L’ancienne ministre de la Culture, débarquée du gouvernement lors du dernier remaniement, a accordé un long entretien à l'Obs.

"'Va au spectacle et flatte !” : j’avais pris ces mots du président pour une boutade, en fait ils étaient ma feuille de route". Dans un entretien publié mercredi 17 février sur le site Internet de L’Obs, l’ancienne ministre de la culture Fleur Pellerin ne cache pas sa déception d'avoir été victime du dernier remaniement. "Ces quatre années au gouvernement, à l’économie numérique, puis au commerce extérieur et enfin à la culture, ont été soldées en quatre minutes", confie-t-elle. "Dire que je n’ai pas accusé le coup, que je n’ai pas été choquée par la nouvelle serait mentir. Mais je n’ai pas pleuré, comme je l’ai aussitôt entendu raconter ici ou là."

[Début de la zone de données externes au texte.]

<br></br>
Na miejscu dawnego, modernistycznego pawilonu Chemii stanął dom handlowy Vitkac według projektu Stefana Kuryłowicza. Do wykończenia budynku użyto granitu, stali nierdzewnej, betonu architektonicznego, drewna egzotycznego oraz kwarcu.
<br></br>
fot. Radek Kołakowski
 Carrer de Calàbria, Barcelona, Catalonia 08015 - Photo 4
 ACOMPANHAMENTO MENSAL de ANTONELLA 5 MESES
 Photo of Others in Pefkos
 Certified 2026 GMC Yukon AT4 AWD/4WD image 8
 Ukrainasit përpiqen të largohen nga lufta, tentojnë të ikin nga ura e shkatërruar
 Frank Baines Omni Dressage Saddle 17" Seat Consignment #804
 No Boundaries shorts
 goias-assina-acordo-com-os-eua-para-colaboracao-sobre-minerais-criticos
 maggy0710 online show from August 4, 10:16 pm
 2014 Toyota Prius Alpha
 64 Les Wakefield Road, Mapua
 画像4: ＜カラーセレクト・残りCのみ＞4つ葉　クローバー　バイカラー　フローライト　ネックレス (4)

Lors de cet entretien, l'ancienne ministre critique un certain "parisianisme" culturel.  "Je ne voulais pas que ce ministère soit celui du 1% qui va à l’Opéra et à la Comédie-Française. … C’est un milieu parisien, autocentré. Je n’ai pas voulu être la ministre de l’entresoi. Je suis fière de mon bilan d’action. C’est mon bilan de communication qui est mitigé "déclare également Fleur Pellerin.

Elle revient également sur une célèbre bourde, lorsque, sur Canal+, elle admet n'avoir rien lu de Patrick Modiano, prix Nobel de littérature en 2014. "Le jeu qui consiste à cracher des fiches de lecture s’apparente pour moi à une forme de malhonnêteté vis-à-vis des Français. Je ne parle que des livres que j’ai lus".

Interrogée sur son remplacement par Audrey Azoulay, dans lequel certains voient l'influence de Julie Gayet, compagne du président, Fleur Pellerin répond : "Beaucoup de gens le disent, mais je ne peux pas le croire. Le président de la République a fait campagne sur la conception qu’il a du gouvernement du pays, sur son éthique dans l’exercice du pouvoir. Je n’imagine pas qu’il ait pu être influencé par des manigances de courtisans.

Que fera désormais "cette enfant abandonnée à Séoul, adoptée en France par des parents aimants, et pur produit de l’école de la République" ? "Pour l’avenir, je n’exclus rien", souligne-t-elle. "Je ne peux pas imaginer une seconde ne pas jouer un rôle dans le destin de ce pays. Je prendrai une initiative dans les prochaines semaines".